To make vendored code practical at scale, we index first-party + vendored sources into Typesense and query them fast during refactors and trim work.

This follows the same high-level pattern as opensrc:

  • keep a local source inventory (.vendor/typesense/sources.json),
  • keep local source materialized (already done by vendor hydrate/inhouse),
  • index/search against local code state, not remote assumptions.

Flow entrypoints:

f vendor-typesense-setup   # one-time if Typesense is not installed locally
f vendor-typesense-up
f vendor-code-index
f vendor-code-search "Router"
f vendor-code-search "serde" --scope vendor --crate axum
f vendor-code-search-sources "ratatui"

Script used by tasks:

python3 ./scripts/vendor/typesense_code_index.py --help

Design goals:

  • search by vendored crate boundary (--crate <name>),
  • search by ownership boundary (--scope vendor|firstparty),
  • keep source provenance in inventory (version, checksum, history_head),
  • make trim/upstream update work faster by removing "where is this code?" overhead.

Reference:

  • docs/vendor-code-intelligence.md for architecture, commands, and operating loop.

CI Contract

CI must hydrate vendored source from vendor.lock.toml before Cargo build:

scripts/vendor/vendor-repo.sh hydrate

Any CI build skipping hydrate can fail with missing lib/vendor/* path deps.

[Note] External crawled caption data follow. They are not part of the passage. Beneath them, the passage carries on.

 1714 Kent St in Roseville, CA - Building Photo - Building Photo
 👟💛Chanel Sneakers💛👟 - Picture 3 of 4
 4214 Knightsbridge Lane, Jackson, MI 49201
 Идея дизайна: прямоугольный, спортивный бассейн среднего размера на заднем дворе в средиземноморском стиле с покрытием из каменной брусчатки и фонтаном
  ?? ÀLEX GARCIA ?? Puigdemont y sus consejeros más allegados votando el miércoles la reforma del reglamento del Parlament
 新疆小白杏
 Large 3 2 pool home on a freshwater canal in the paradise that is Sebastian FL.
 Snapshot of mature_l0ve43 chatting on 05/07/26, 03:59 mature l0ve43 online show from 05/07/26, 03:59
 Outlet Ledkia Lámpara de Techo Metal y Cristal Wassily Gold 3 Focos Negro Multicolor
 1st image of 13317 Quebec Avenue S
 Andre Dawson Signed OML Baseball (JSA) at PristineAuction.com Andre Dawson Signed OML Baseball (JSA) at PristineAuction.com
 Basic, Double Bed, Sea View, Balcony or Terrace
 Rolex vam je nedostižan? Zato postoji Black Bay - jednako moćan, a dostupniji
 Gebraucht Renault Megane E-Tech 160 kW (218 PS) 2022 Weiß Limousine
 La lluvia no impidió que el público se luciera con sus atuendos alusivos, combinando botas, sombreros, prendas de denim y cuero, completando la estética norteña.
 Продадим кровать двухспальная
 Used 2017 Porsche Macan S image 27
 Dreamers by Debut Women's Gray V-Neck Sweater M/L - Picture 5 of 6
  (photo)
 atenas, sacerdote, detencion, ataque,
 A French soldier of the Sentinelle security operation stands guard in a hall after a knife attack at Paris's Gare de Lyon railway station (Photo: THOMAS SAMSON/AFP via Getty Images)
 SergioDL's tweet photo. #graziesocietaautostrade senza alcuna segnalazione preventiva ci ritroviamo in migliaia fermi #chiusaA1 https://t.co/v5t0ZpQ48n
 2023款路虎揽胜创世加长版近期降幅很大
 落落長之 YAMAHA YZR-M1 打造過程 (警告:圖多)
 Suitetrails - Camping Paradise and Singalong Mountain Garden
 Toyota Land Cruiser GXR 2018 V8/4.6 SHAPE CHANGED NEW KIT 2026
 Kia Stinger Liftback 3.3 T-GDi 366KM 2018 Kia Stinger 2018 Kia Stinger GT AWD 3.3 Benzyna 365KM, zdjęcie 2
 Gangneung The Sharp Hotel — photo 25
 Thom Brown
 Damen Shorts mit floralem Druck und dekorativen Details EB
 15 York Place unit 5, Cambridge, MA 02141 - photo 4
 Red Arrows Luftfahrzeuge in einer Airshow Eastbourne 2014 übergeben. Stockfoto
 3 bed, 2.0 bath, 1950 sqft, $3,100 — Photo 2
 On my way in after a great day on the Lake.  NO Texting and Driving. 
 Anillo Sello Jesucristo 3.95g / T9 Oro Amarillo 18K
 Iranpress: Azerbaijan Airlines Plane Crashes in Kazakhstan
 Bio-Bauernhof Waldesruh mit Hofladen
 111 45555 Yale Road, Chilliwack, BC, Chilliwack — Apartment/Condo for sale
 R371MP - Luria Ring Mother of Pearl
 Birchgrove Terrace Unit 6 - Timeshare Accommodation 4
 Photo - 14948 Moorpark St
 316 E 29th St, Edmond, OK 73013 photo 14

Optimization Strategy (Compile-Time Focus)

For each vendored crate:

  1. inspect real usage in flow (APIs/types called),
  2. remove optional features not used,
  3. delete convenience-only dependencies,
  4. remove proc-macro convenience layers where reasonable,
  5. reduce duplicate major versions where possible,
  6. keep trim hooks deterministic and replayable.

Use:

scripts/vendor/offenders.sh
cargo tree -d

to rank impact and watch duplicate-version pressure.

Operational tooling for this loop:

  • f vendor-rough-audit
  • f vendor-offenders
  • f vendor-bench-iter -- --mode incremental --samples 3
  • f vendor-optimize-loop

Reference:

  • docs/vendor-optimization-loop.md

Commit Policy

  • In flow: commit only lock/manifest/patch/docs/script changes.
  • In flow-vendor: commit source churn.
  • Push flow-vendor first, then push flow pin updates.
  • Prefer one crate per commit for auditability.

Recovery Playbook

Inspect state:

scripts/vendor/vendor-repo.sh status

Re-hydrate local materialization from pinned commit:

scripts/vendor/vendor-repo.sh hydrate

Re-pin to known commit:

scripts/vendor/vendor-repo.sh pin <commit>

FAQ

Are we replacing Cargo?

No. Cargo remains central. Vendoring is an ownership layer on top.

Why separate repo for vendored source?

To keep main repo history focused on product changes while retaining full dependency source control.

Can we still pull upstream changes quickly?

Yes. check-upstream + sync-* + locked import flow is designed for repeatable upstream ingestion.